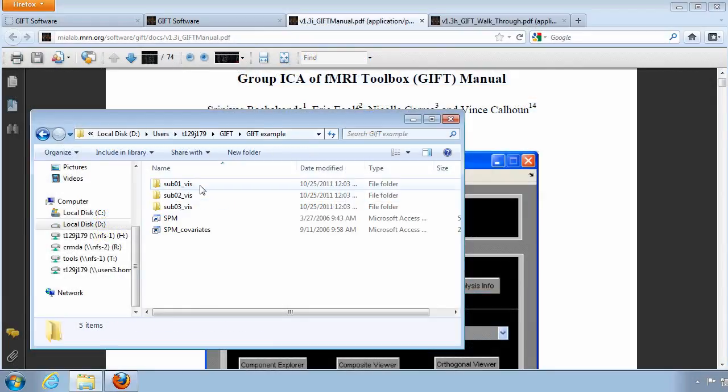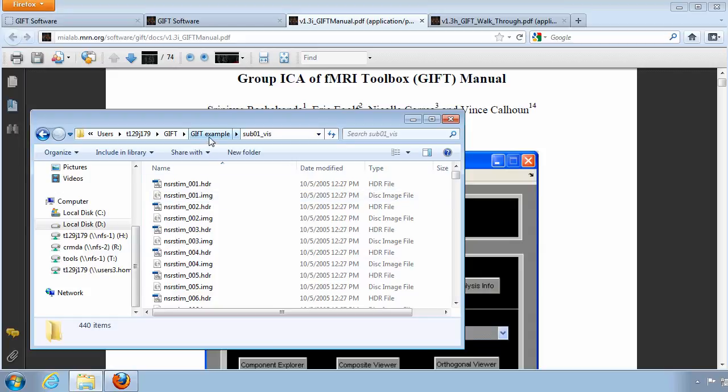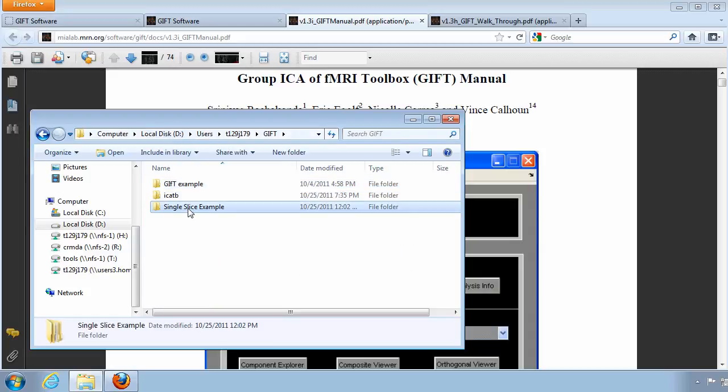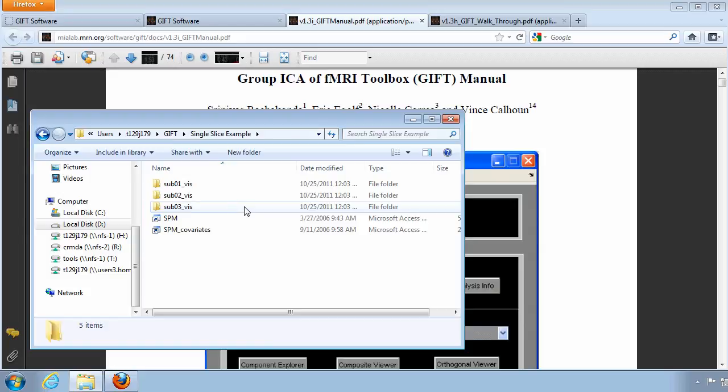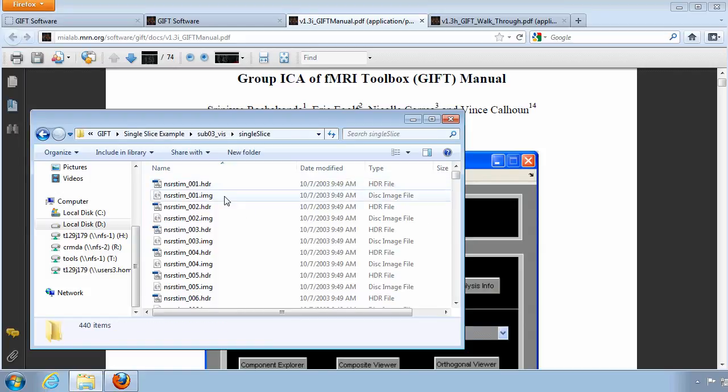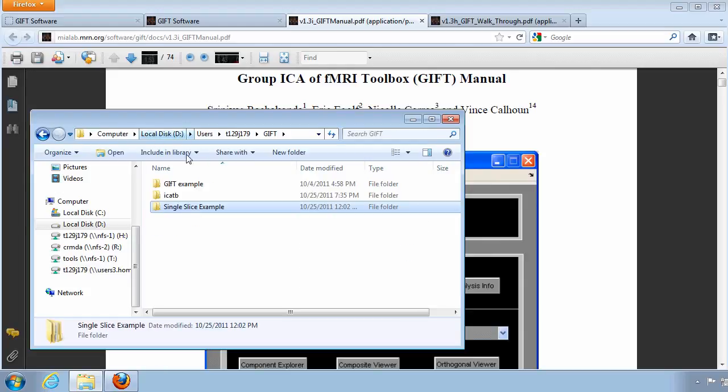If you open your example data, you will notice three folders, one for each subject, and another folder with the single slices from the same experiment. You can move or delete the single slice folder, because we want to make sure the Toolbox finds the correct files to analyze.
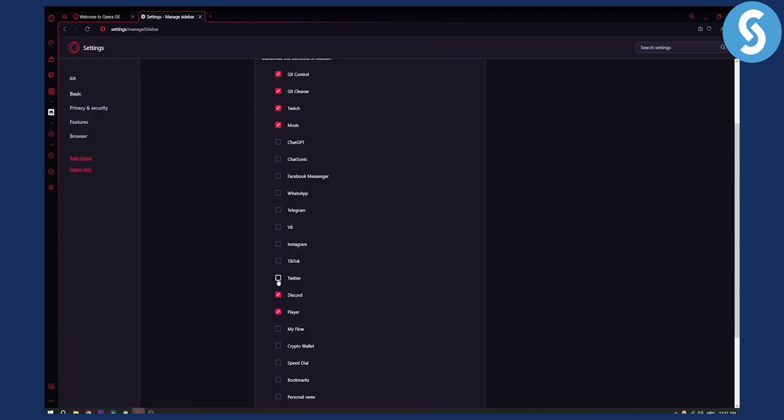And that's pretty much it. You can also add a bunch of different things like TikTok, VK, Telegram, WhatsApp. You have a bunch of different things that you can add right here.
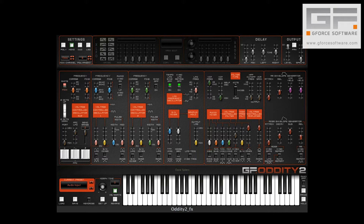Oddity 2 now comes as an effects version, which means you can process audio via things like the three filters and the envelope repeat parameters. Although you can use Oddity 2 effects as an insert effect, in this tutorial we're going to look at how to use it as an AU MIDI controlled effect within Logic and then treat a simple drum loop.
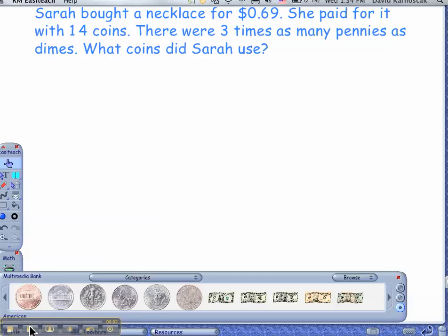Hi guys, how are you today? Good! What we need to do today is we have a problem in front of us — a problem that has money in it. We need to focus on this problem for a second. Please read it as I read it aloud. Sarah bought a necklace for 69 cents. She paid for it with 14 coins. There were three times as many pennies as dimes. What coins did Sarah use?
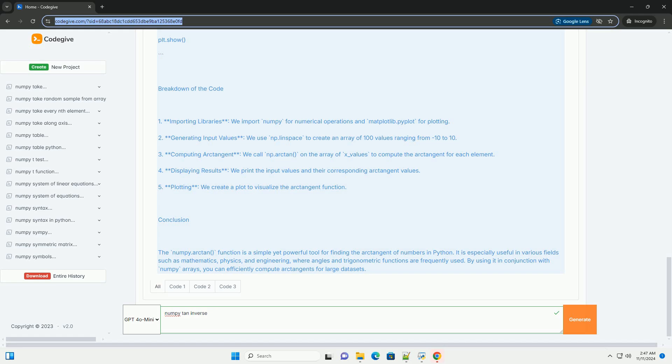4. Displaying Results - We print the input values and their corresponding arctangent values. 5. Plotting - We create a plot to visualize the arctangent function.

********

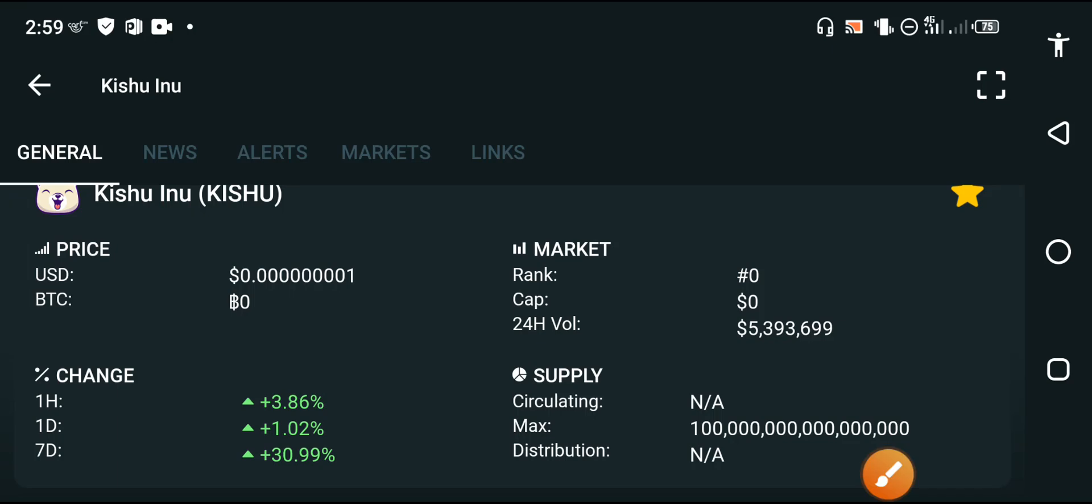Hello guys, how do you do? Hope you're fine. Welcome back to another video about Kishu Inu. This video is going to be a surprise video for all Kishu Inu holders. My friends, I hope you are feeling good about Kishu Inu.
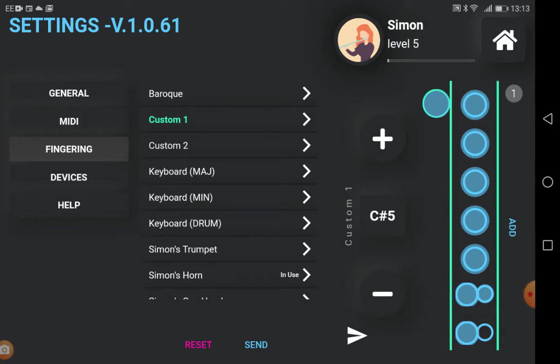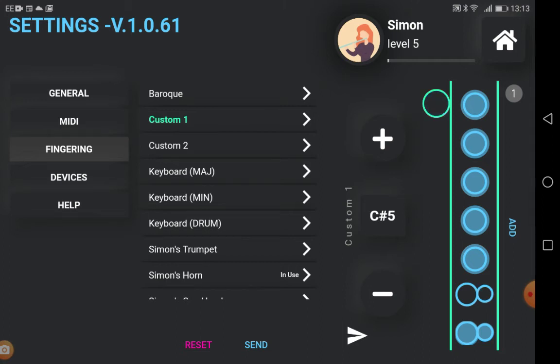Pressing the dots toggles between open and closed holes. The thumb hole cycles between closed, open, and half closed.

********

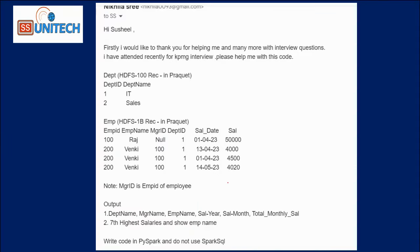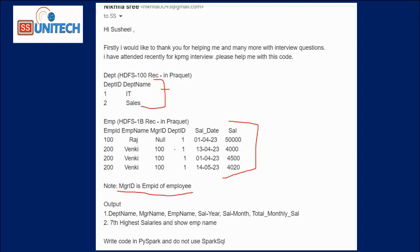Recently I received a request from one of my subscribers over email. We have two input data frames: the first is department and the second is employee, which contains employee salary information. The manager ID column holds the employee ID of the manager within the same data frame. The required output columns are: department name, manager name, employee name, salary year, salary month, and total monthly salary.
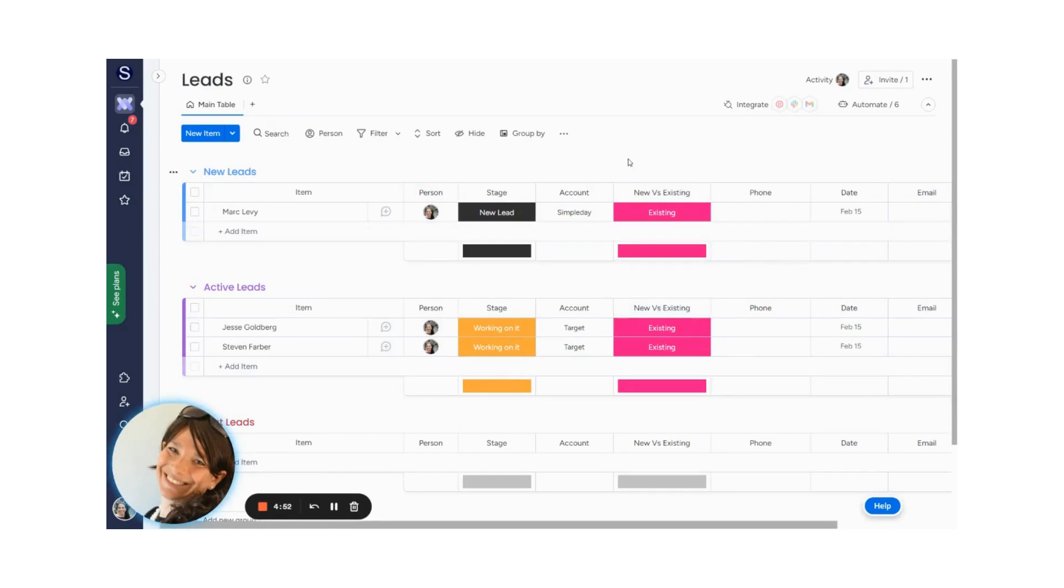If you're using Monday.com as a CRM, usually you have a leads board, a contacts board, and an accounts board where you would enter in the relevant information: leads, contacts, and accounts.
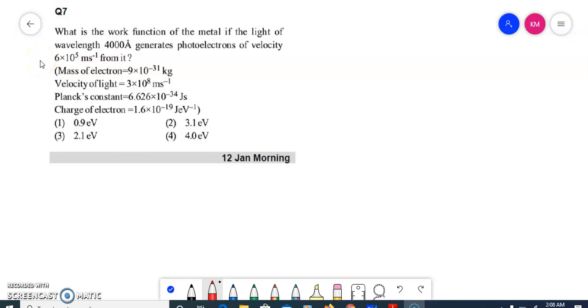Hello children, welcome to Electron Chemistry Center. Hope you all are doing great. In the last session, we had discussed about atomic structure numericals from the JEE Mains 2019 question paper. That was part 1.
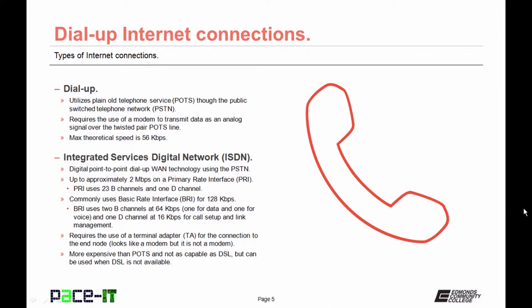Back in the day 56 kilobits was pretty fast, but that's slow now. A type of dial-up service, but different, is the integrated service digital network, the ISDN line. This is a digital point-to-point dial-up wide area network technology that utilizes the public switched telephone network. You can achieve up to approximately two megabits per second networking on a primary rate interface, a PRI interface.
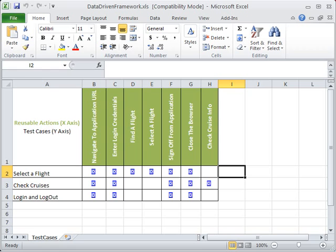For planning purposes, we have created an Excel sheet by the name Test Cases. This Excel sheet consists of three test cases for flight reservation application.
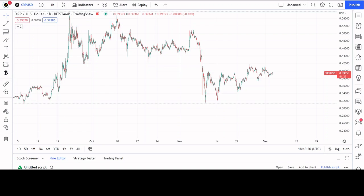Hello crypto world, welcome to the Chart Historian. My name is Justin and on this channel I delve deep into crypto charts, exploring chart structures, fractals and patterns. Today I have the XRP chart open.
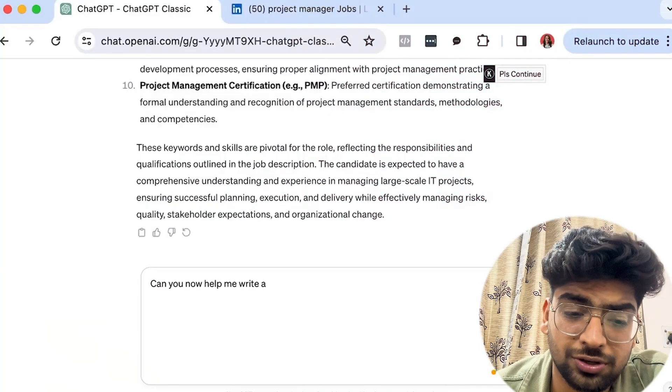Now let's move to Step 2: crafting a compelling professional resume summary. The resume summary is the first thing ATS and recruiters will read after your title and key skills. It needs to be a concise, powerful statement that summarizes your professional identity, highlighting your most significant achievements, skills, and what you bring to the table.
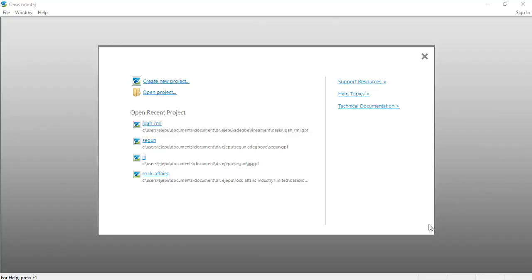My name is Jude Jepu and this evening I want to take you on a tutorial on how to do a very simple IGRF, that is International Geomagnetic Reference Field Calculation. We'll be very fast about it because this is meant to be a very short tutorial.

********

ASSIGNED TASK: What should come back is an exact copy of the lines above from the line with "If you open" to the line with "4. Displaying Results", both included, minus the pictures.

REPLY TO THE EXERCISE:
If you open your example data, you will notice three folders, one for each subject, and another folder with the single slices from the same experiment. You can move or delete the single slice folder, because we want to make sure the Toolbox finds the correct files to analyze.
And that's pretty much it. You can also add a bunch of different things like TikTok, VK, Telegram, WhatsApp. You have a bunch of different things that you can add right here.
Oddity 2 now comes as an effects version, which means you can process audio via things like the three filters and the envelope repeat parameters. Although you can use Oddity 2 effects as an insert effect, in this tutorial we're going to look at how to use it as an AU MIDI controlled effect within Logic and then treat a simple drum loop.
Hi guys, how are you today? Good! What we need to do today is we have a problem in front of us — a problem that has money in it. We need to focus on this problem for a second. Please read it as I read it aloud. Sarah bought a necklace for 69 cents. She paid for it with 14 coins. There were three times as many pennies as dimes. What coins did Sarah use?
4. Displaying Results - We print the input values and their corresponding arctangent values. 5. Plotting - We create a plot to visualize the arctangent function.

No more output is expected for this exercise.